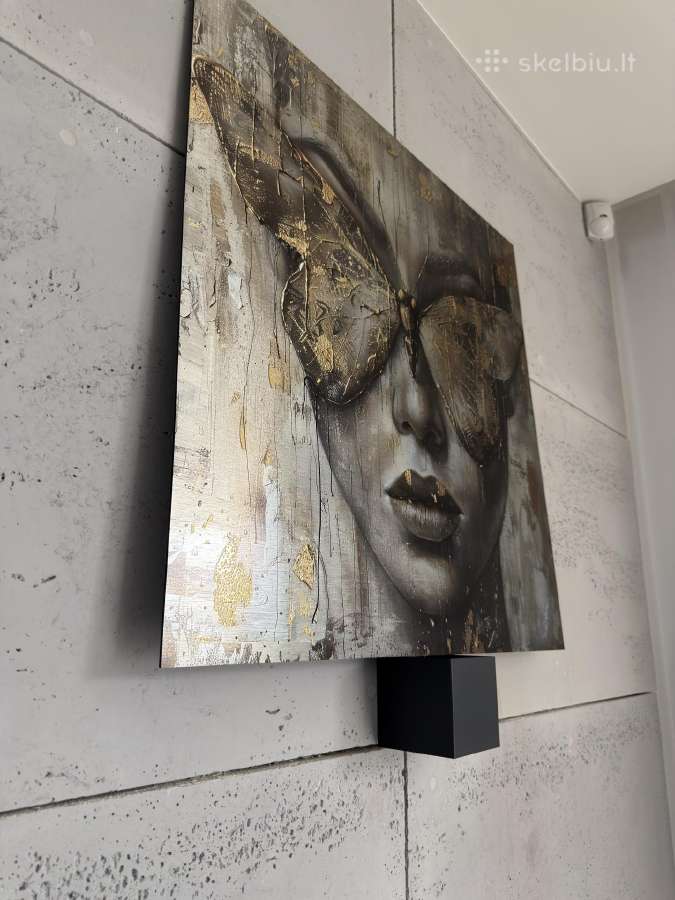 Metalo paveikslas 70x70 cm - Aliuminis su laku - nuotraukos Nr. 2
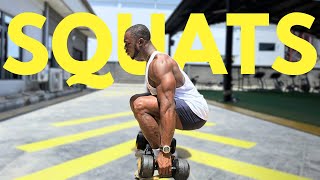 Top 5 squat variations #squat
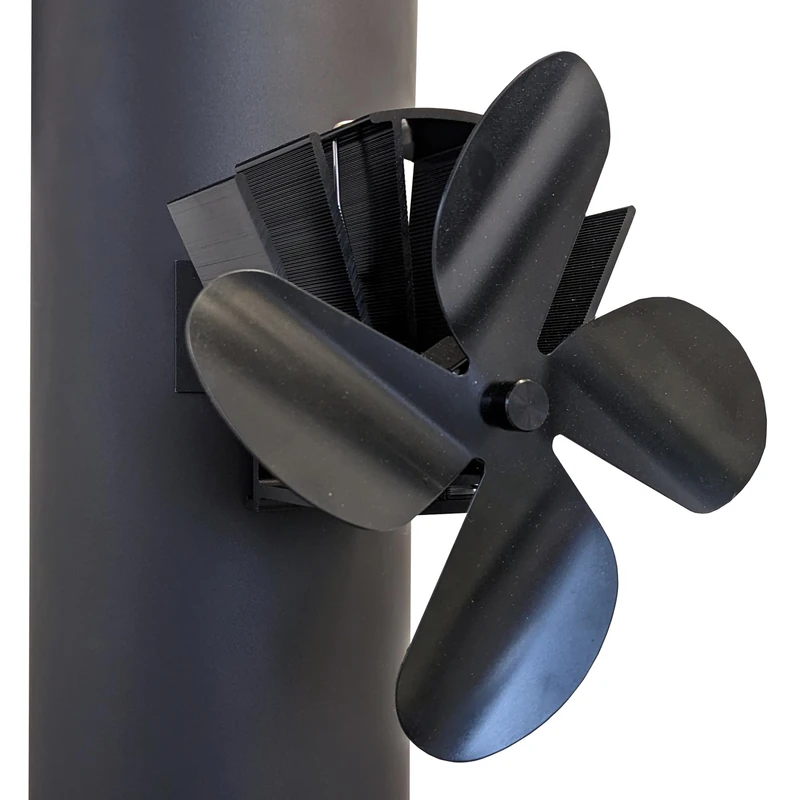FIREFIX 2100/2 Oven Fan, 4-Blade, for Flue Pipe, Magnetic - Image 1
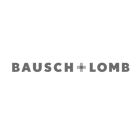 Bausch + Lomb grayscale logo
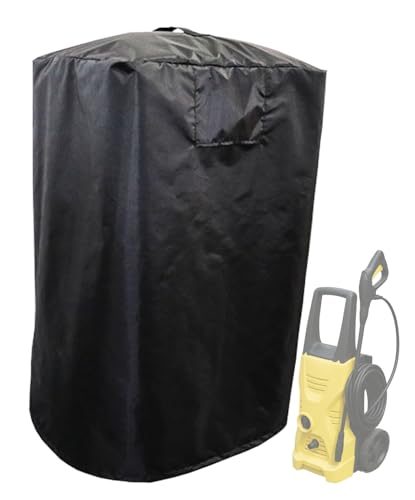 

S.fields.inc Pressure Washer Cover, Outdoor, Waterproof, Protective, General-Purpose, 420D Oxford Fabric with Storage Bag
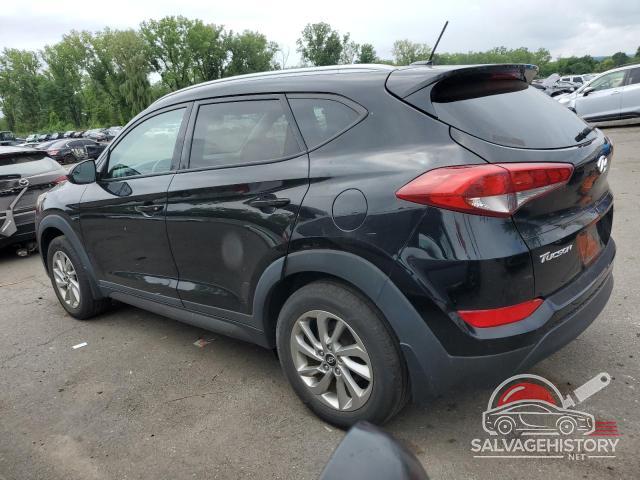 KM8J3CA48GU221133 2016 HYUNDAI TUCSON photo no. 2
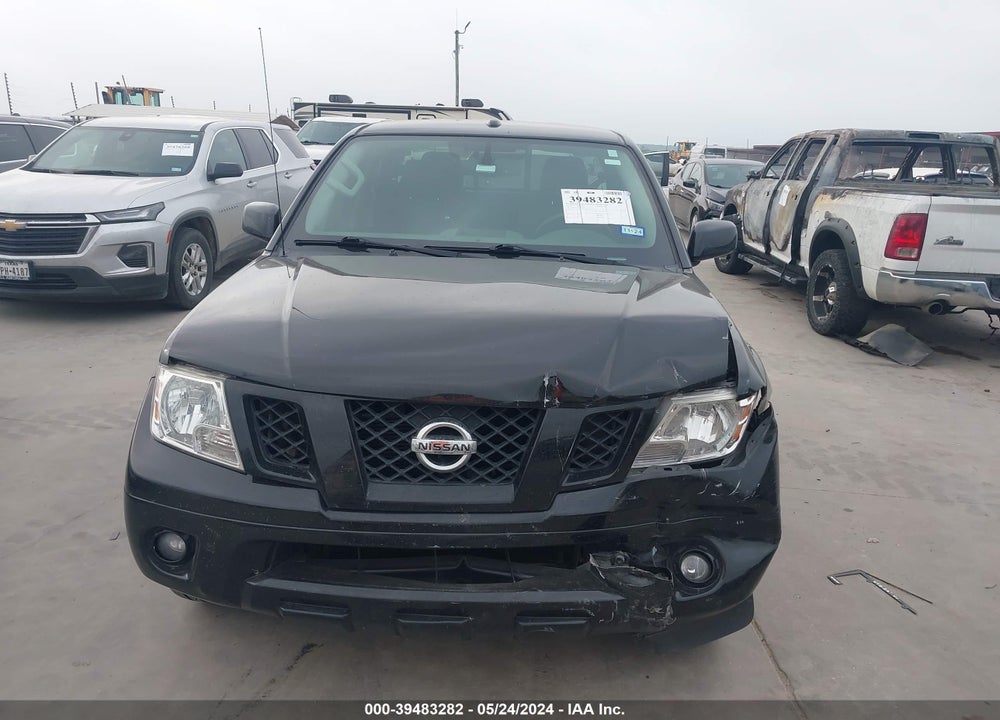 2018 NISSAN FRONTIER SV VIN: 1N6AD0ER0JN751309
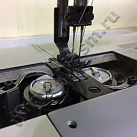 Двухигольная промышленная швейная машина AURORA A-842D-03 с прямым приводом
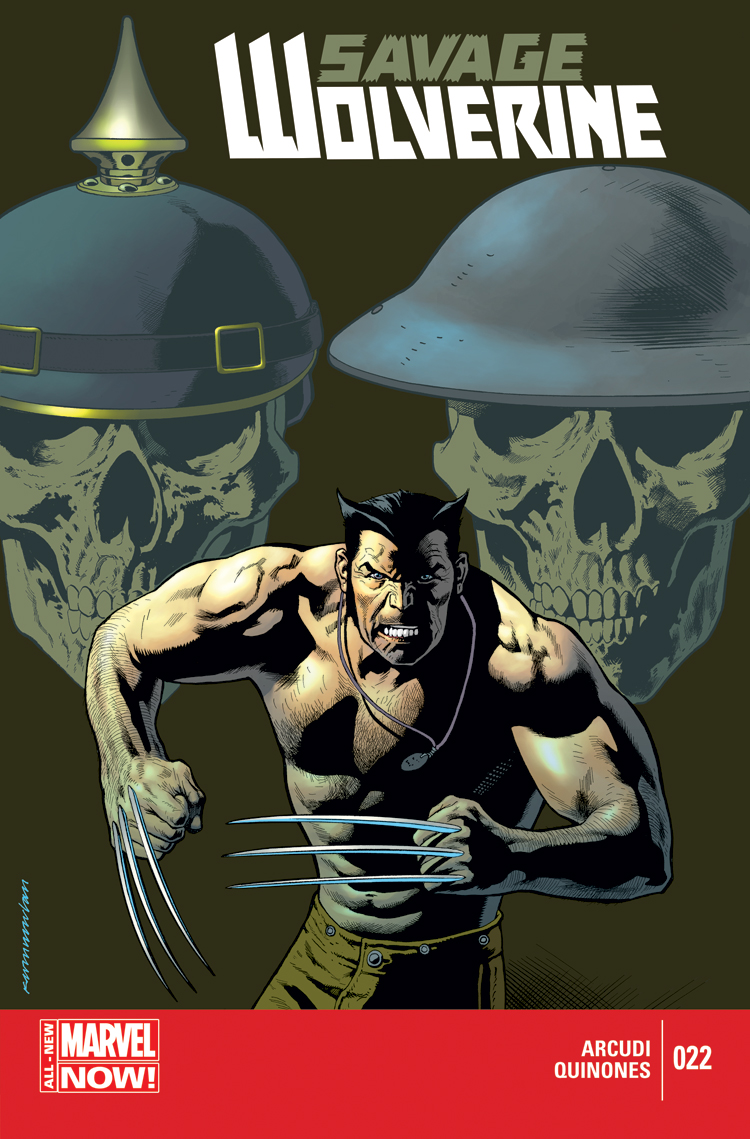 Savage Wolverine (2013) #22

:::

- THE PROBLEM
Strip out the pictures and repeat the listing above exactly.

- RESPONSE
 Metalo paveikslas 70x70 cm - Aliuminis su laku - nuotraukos Nr. 2
 Top 5 squat variations #squat
FIREFIX 2100/2 Oven Fan, 4-Blade, for Flue Pipe, Magnetic - Image 1
 Bausch + Lomb grayscale logo

S.fields.inc Pressure Washer Cover, Outdoor, Waterproof, Protective, General-Purpose, 420D Oxford Fabric with Storage Bag
 KM8J3CA48GU221133 2016 HYUNDAI TUCSON photo no. 2
 2018 NISSAN FRONTIER SV VIN: 1N6AD0ER0JN751309
 Двухигольная промышленная швейная машина AURORA A-842D-03 с прямым приводом
 Savage Wolverine (2013) #22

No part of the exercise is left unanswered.